To understand the insanity defense, for instance, students this fall conducted a mock trial based on the case of the Houston, Texas, mother who was tried for the 2001 drowning deaths of her five children. In 2002, a jury sentenced Andrea Yates to life in prison despite her defense that she suffered from mental illness.
"Some students were on the jury, some on the defense team, and some on the prosecution team," explained Martha Wright, a junior psychology major from Starkville who aspires to be a forensic psychologist.
"Through class assignments such as this, Dr.

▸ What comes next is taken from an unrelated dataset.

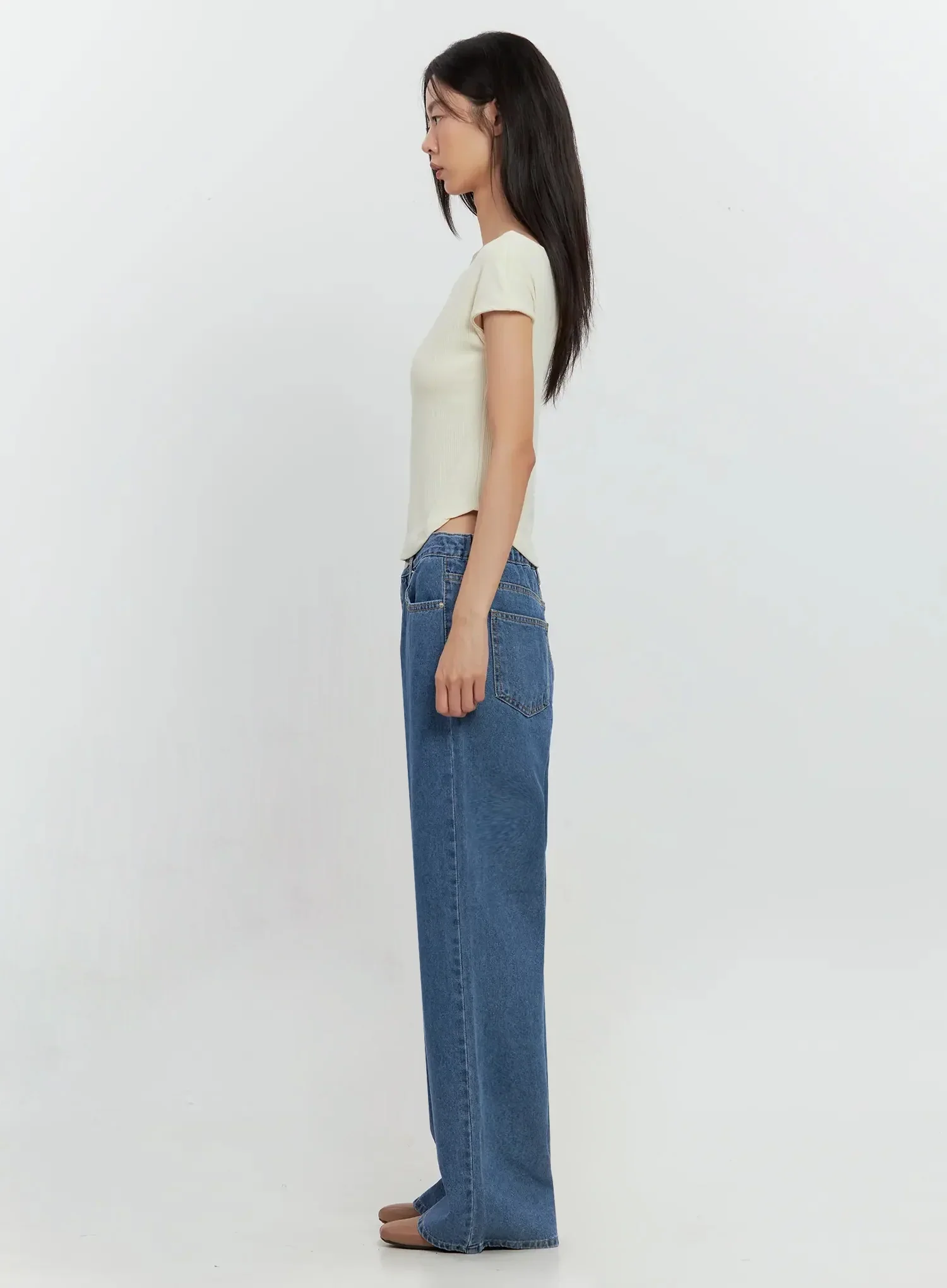 Asymmetric Ribbed Short-Sleeve IL528 - Image 7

Jacquin absolutely keeps abreast of issues that set precedents and current issues that impact our fields of psychology and specifically the law," Wright said, adding that the Scott Peterson trial for the murder of his wife Laci also was discussed in class.
"One of my goals is to get students to think about how the legal system deals with jury bias, the influence of the media on prospective jurors, and other psychological issues," Jacquin explained. "We don't draw conclusions," she noted, emphasizing that she sees her role as "raising relevant issues, not suggesting the answers when there may be none."
In addition to extensive reading, analysis and writing, Jacquin's fall-semester class also provided students a chance to visit two treatment facilities for youths and adults whose serious trouble with the law often goes hand-in-hand with serious psychological disorders.
"The class discusses psychological approaches to repeat offending, and at the correctional facilities they learn how treatment programs work," Jacquin said.
Over the semester, students visited a Memphis, Tenn.-based residential treatment program for youths whose serious offenses include violent crimes and drug use. On a separate field trip, they were introduced to the privately operated East Mississippi Correctional Facility near Meridian, a 1,000-bed psychiatric prison.
In both cases, Wright said, she and her classmates saw the real world of forensic assessment and treatment.
"In the case of the Youth Villages in Memphis, we saw treatment programs designed to reintroduce the offender to society as a healthy, functioning person. At EMCF, we got a direct insight into what happens to the mentally ill who are sentenced to prison," she explained.
Being behind the scenes at a prison housing the mentally ill and at a facility for disturbed youth made a lasting impression, she said. "We got a glimpse into different avenues of forensic psychology, and in a way that a textbook could not convey as accurately."
That reaction, said Jacquin, is precisely her goal.
"One of the main benefits is that students begin to see whether they can actually do this kind of work."